▸ ACTIVITY: Exactly the lines from the one holding "纽约州首个流动检测站设立布鲁克林 检测全程5分钟 纽约州首个流动检测站设立布鲁克林" through the last line of the listing below must appear in the answer, and no pictures.

-------- INFORMATION SHOWN --------

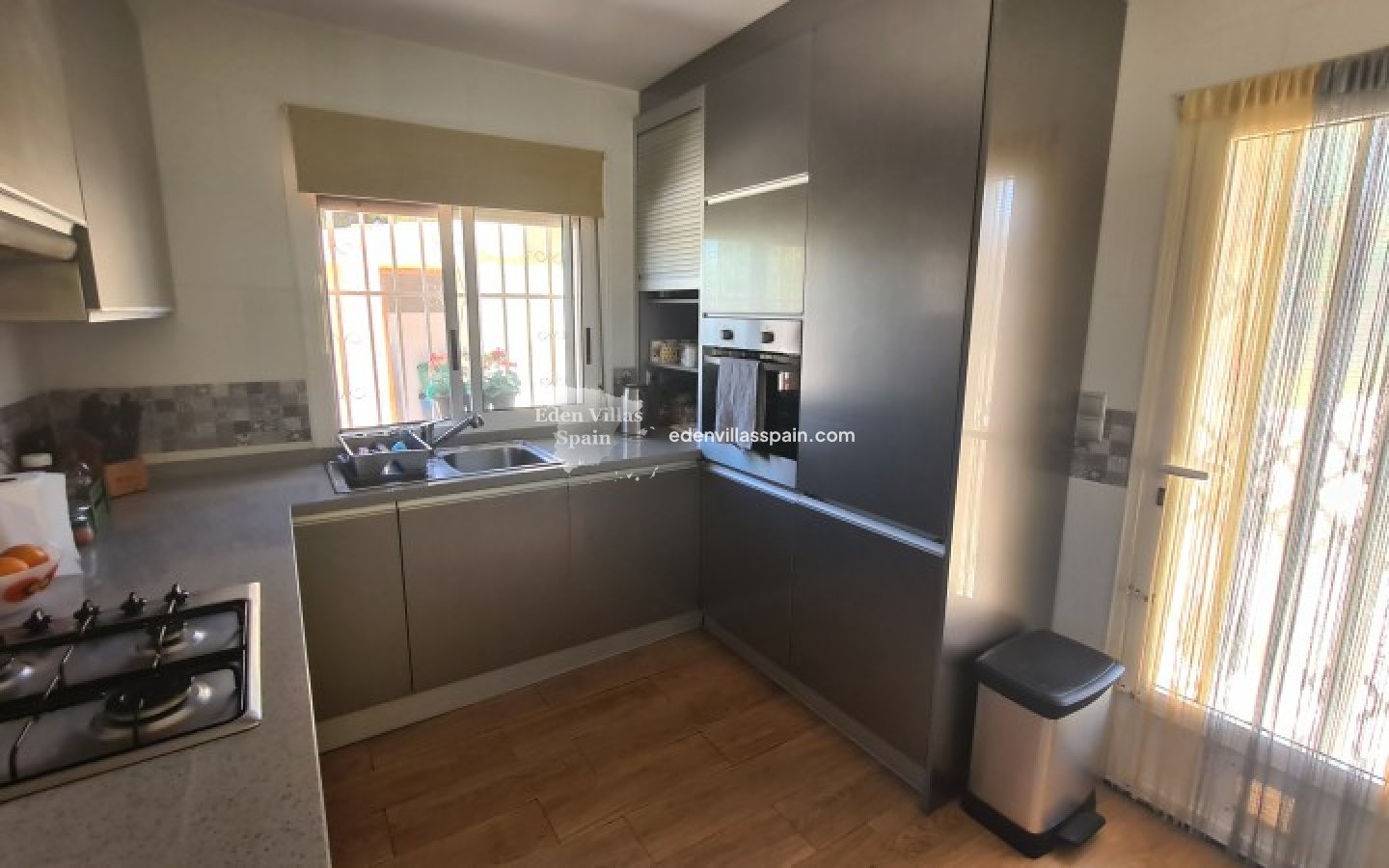 Resale - Country House - La Marina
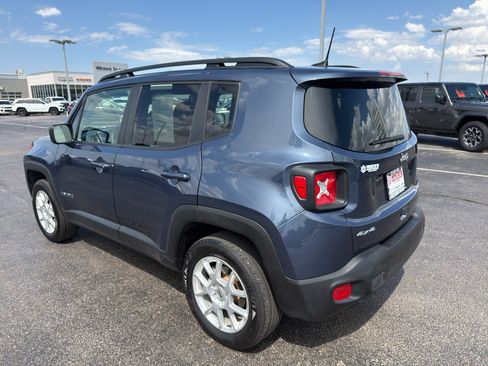 Used 2023 Jeep Renegade Latitude w/ Sun & Fun Group AWD/4WD image 7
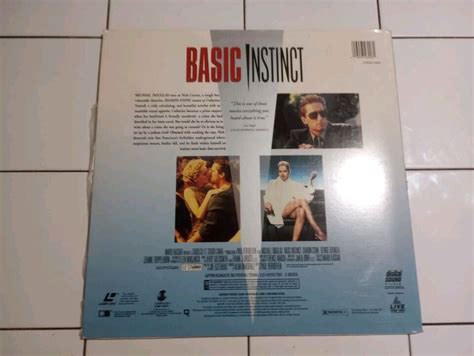 Basic Instinct Laserdisc 1992 2 LD Widescreen Michael Douglas Sharon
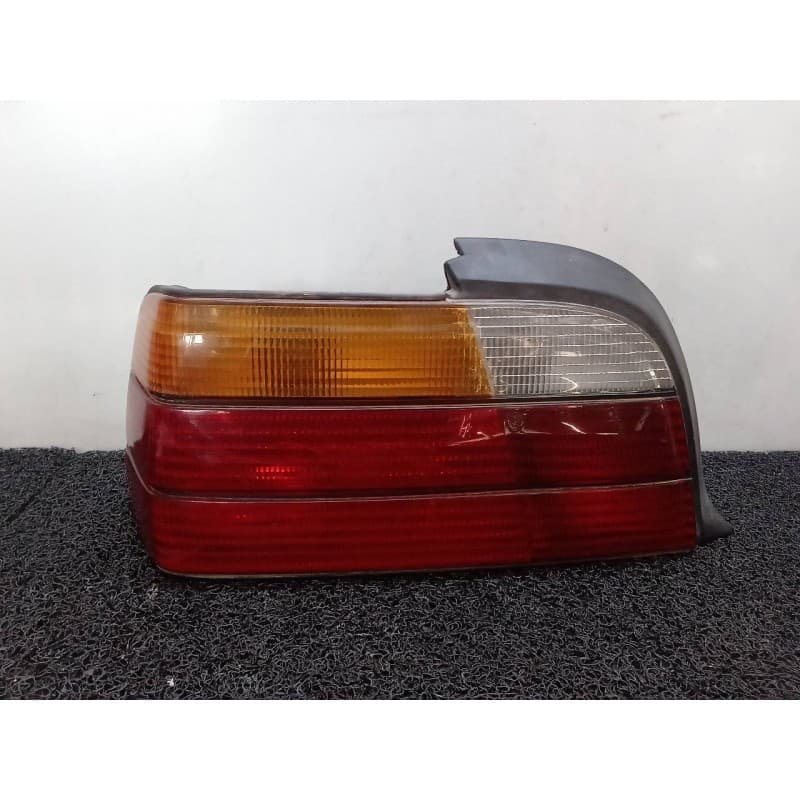 Recambio de piloto trasero izquierdo para bmw serie 3 coupe (e36) 318is referencia OEM IAM - Blanco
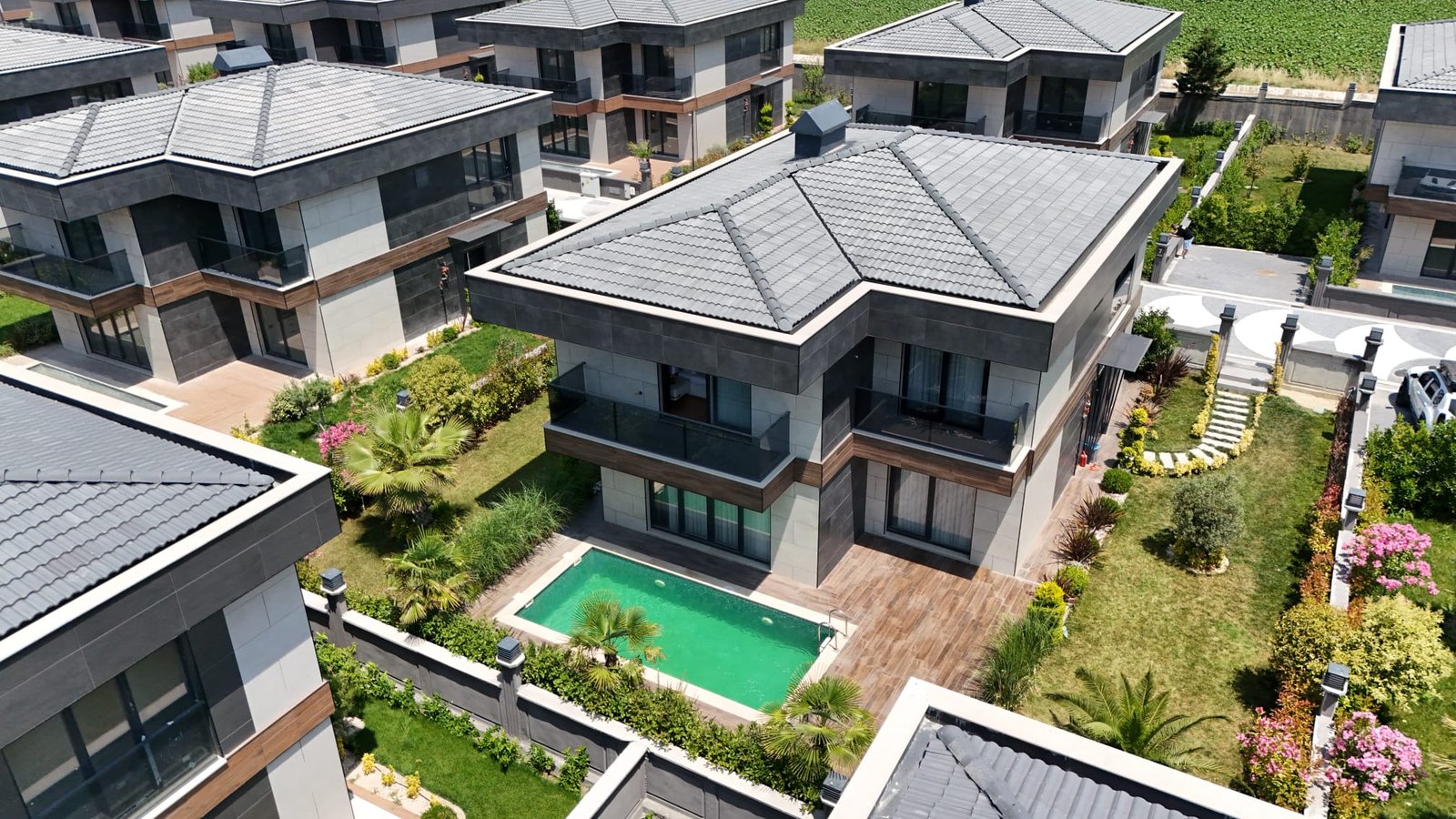 KILIÇ CEYLAN COUNTRY residential development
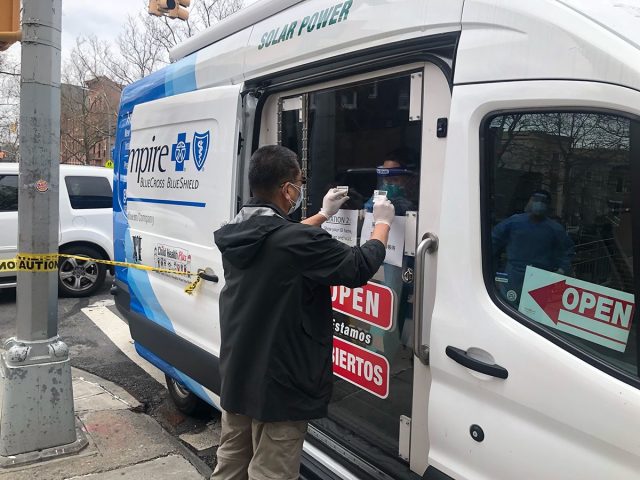 纽约州首个流动检测站设立布鲁克林 检测全程5分钟 纽约州首个流动检测站设立布鲁克林 检测全程5分钟_图1-1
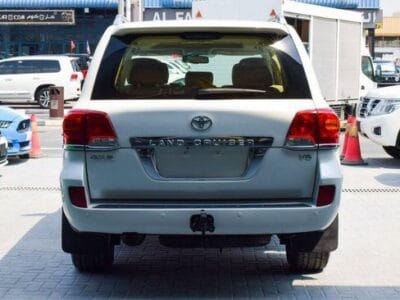 Toyota Land Cruiser GXR V6 2015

--------

▸ REPLY:
 纽约州首个流动检测站设立布鲁克林 检测全程5分钟 纽约州首个流动检测站设立布鲁克林 检测全程5分钟_图1-1
 Toyota Land Cruiser GXR V6 2015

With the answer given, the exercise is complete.